Activity: Output the whole listing exactly, with no pictures.
== The data ==
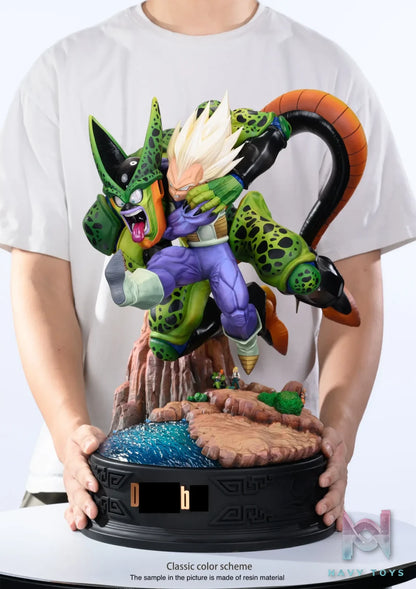 YAMCHA Studio – Dragon Ball Vegeta & Cell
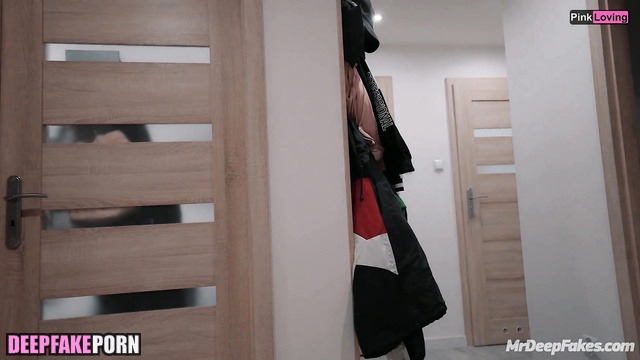 Dissolute Emiru asked him to fuck her and sex doll at the same time, A.I.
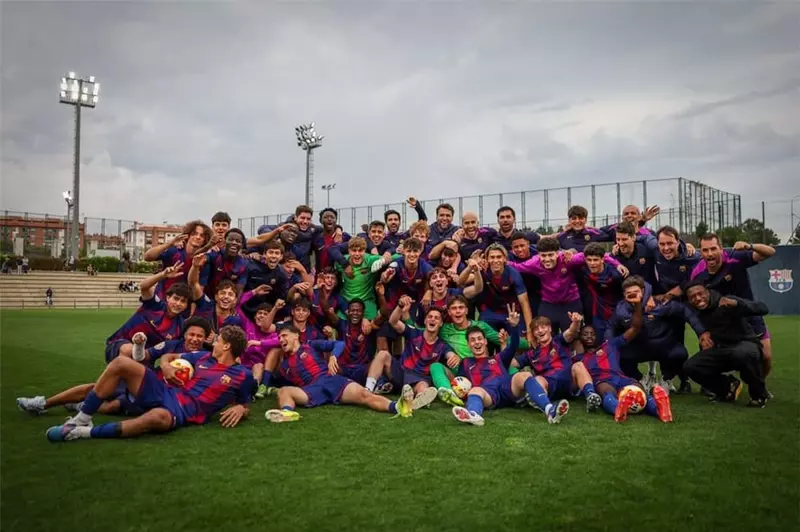 بعد حسم الصدارة.. برشلونة يُعوّل على حمزة عبد الكريم للتتويج بلقب كأس الأبطال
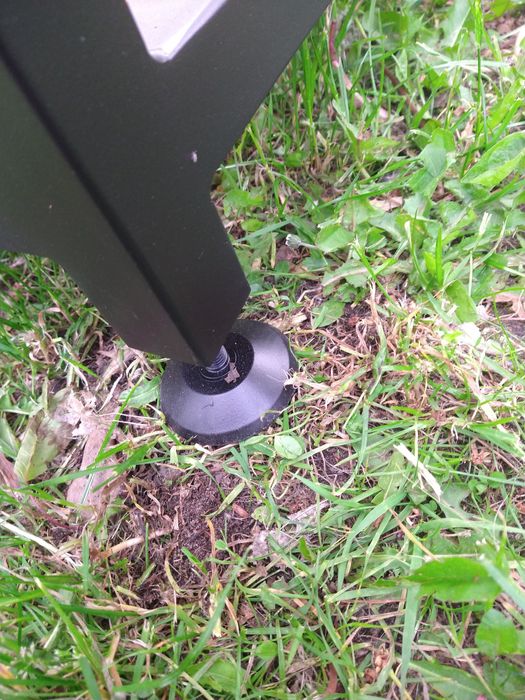 Grill ogrodowy węglowy nowoczesny loft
===
Written answer:
 YAMCHA Studio – Dragon Ball Vegeta & Cell
 Dissolute Emiru asked him to fuck her and sex doll at the same time, A.I.
 بعد حسم الصدارة.. برشلونة يُعوّل على حمزة عبد الكريم للتتويج بلقب كأس الأبطال
 Grill ogrodowy węglowy nowoczesny loft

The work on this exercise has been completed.